-- BRIEF --
Take the line that contains "杨树斌/杜志国AEM：可控蚀" and each one after it through the last line below, and retype them exactly. Leave out the pictures.

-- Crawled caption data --

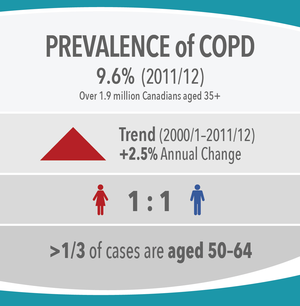 Image 11: Prevalence of COPD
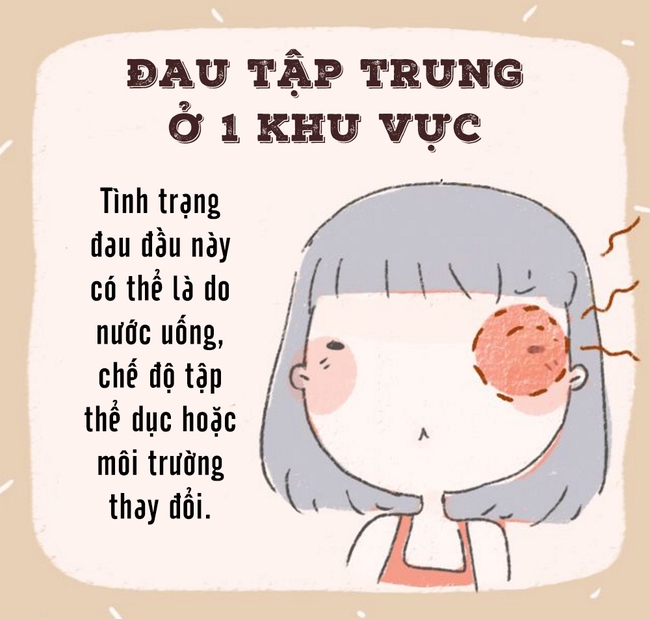 Dựa vào vị trí đau đầu để nhận biết tình trạng bệnh mà mình mắc phải - Ảnh 4.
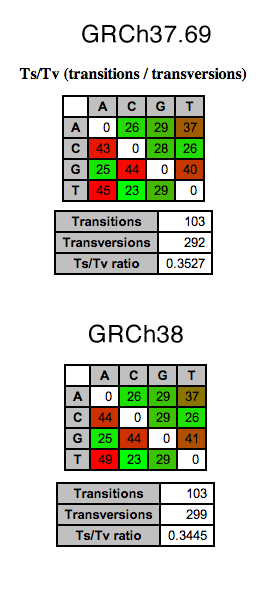 Ts/Tv Ratios between GRCh37 & 38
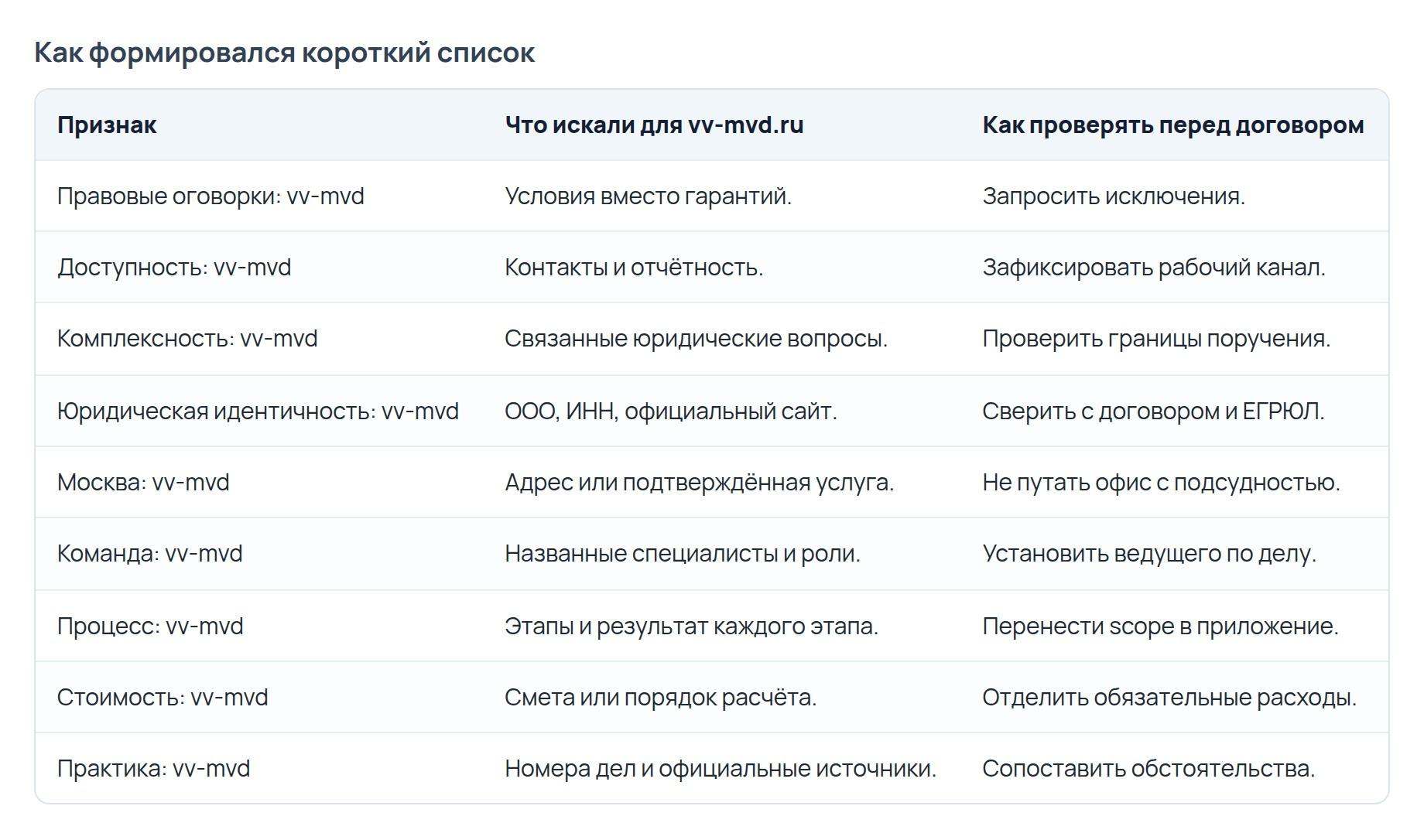 Банкротство физических лиц в Москве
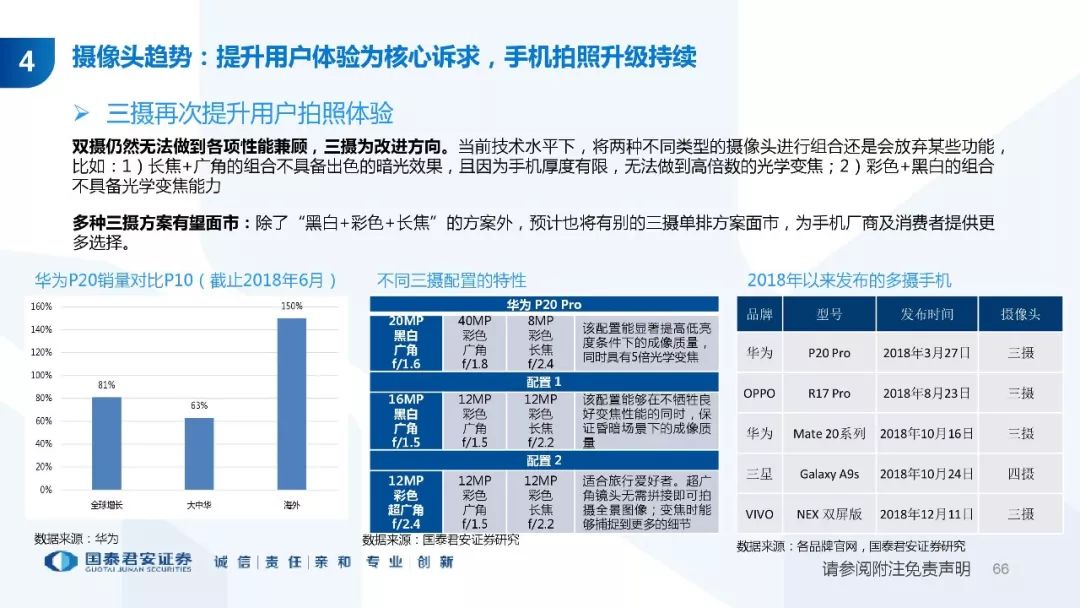 2024澳门正版资料大全最新版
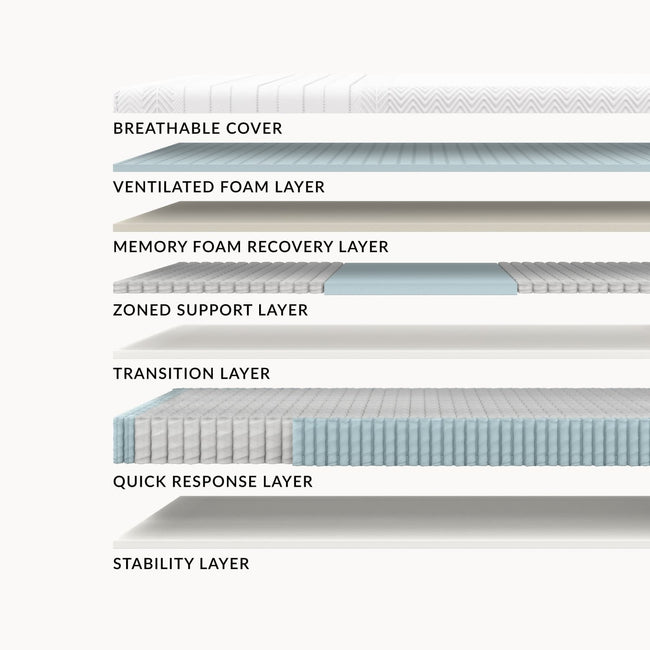 Leesa Legend mattress side profile showing its supportive design and pressure-relieving foam layers for comfort. for The Mattress Shop, showcasing product thumbnail image for Leesa Legend Hybrid Mattress on the product page.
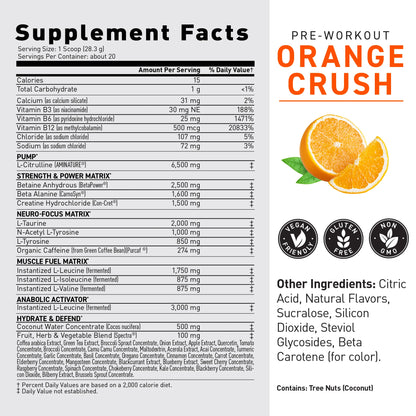 Pre-Workout (Pre-)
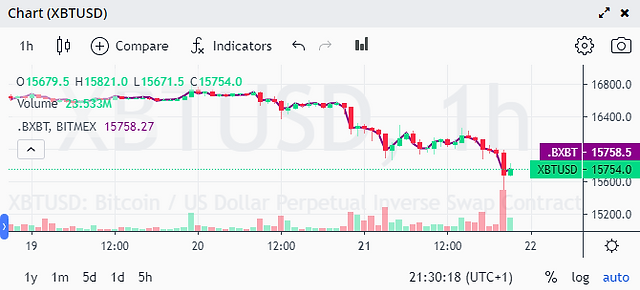 Cryptocurrency Derivatives and Perpetual Swap Markets | CoinMarketCap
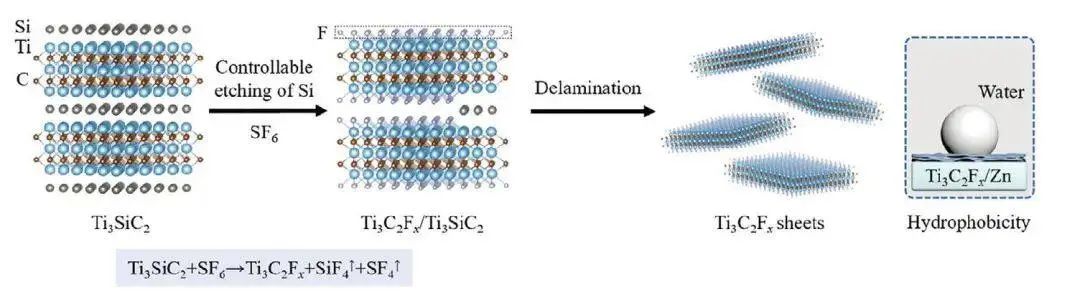 杨树斌/杜志国AEM：可控蚀刻Ti3SiC2生产用于超稳定锌离子电池的富氟疏水二维碳化钛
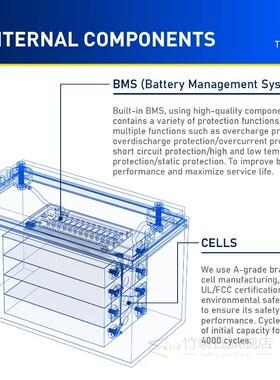 12V 6Ah 8Ah 12Ah 18Ah 24Ah Lifepo4 Battery Pack Deep Cycle R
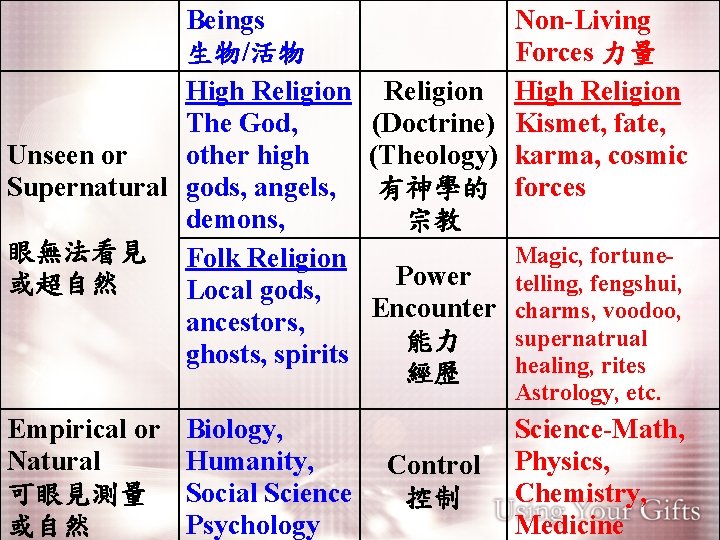 Beings 生物/活物 High Religion The God, Unseen or other high Supernatural gods, angels, demons,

-- TASK RESPONSE --
 杨树斌/杜志国AEM：可控蚀刻Ti3SiC2生产用于超稳定锌离子电池的富氟疏水二维碳化钛
 12V 6Ah 8Ah 12Ah 18Ah 24Ah Lifepo4 Battery Pack Deep Cycle R
 Beings 生物/活物 High Religion The God, Unseen or other high Supernatural gods, angels, demons,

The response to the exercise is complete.